East Africa: Kenyan Court Rejects GMO Lawsuit, Raises Concerns About Trade in the Region
In Nairobi, Kenya, a recent court ruling has upheld the importation of genetically modified foods (GMOs) after the dismissal of a case challenging their entry into the country. The petition was brought by the Law Society of Kenya, which argued that GMOs pose a threat to human health and that lifting the ban on their importation is unconstitutional. However, High Court Justice Oscar Angote ruled that the petitioners failed to provide evidence demonstrating the harmful effects of genetically modified food on human consumption. The decision to allow the importation of GMOs was made in October last year due to concerns over food insecurity and the inability of farmers to meet the demand for food in the country.
Justice Angote emphasized the importance of trust in the institutions responsible for ensuring the safety and quality of food. However, there is skepticism regarding the effectiveness of these regulatory bodies. Cidy Otieno, the national coordinator of the Kenya Peasants League, expressed doubts about the trustworthiness of Kenya’s regulatory agencies.
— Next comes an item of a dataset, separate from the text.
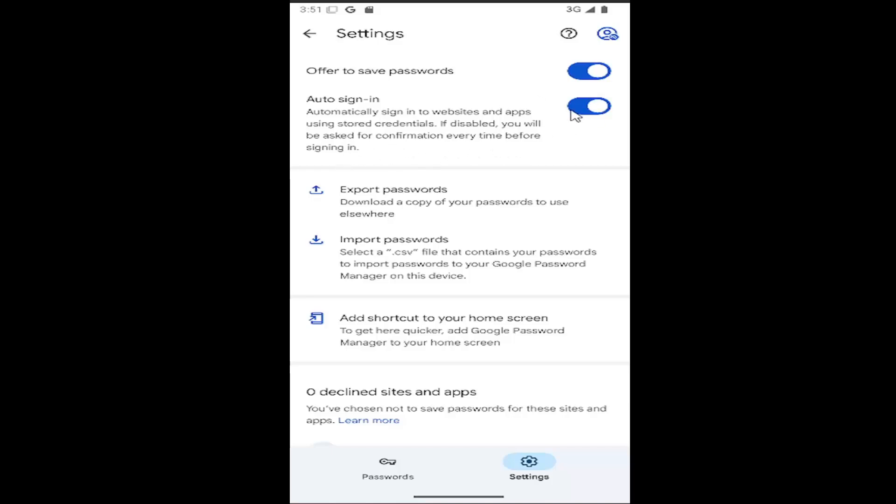If you want Auto Sign In enabled, toggle it to the right like you see on my screen. Conversely, if you want to disable Auto Sign In, click inside the oval once to turn it off, and that's all you have to do.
He cited an example where a product containing GMOs was found on store shelves in Kenya, even though GMOs are not allowed in the country. This highlights the need for stronger regulations in Kenya.
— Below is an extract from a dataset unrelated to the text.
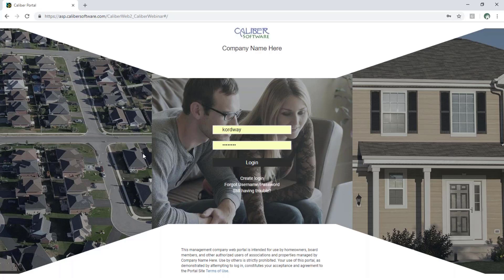It's Russell with Community Financials. Today we're going to take a look at Caliber's web portal for board members, and we've got Kimberly from Caliber Software who's going to give us a tour. Thanks, Kimberly. Thanks so much, Russell.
Agriculture plays a significant role in Kenya’s economy, contributing one-third of the country’s gross domestic product (GDP). Farmer advocacy groups have expressed concerns about the future of agriculture in Kenya, fearing that the presence of GMOs could undermine the competitiveness of local farmers compared to their well-supported counterparts in the United States. The acceptance of GMO products in Kenya has also raised concerns among neighboring countries such as Tanzania and Uganda, which currently do not allow GMOs. Tanzania has vowed to be vigilant against the importation of genetically modified food.
The East African region has a free flow of people and goods through an agreement within the regional bloc known as the East African Community. The importation of GMOs into Kenya could potentially strain trade relations between Kenya and its neighbors, as it may give rise to non-tariff barriers related to standardization. Nason’go Muliro, an international relations and diplomacy lecturer from Kenya, warns that neighboring countries might refuse to accept agricultural products from Kenya due to fears of GMO contamination.
The planting of GMO seeds could also lead to legal disputes among farmers in Kenya and its neighboring countries. The issue of cross-pollination and potential contamination of non-GMO crops raises concerns among farmers near the border. The Kenya Peasants League anticipates legal battles arising from these situations. They have also challenged the lifting of GMO bans in Kenya and the cultivation of GMO crops, but the resolution of this case is expected later this year.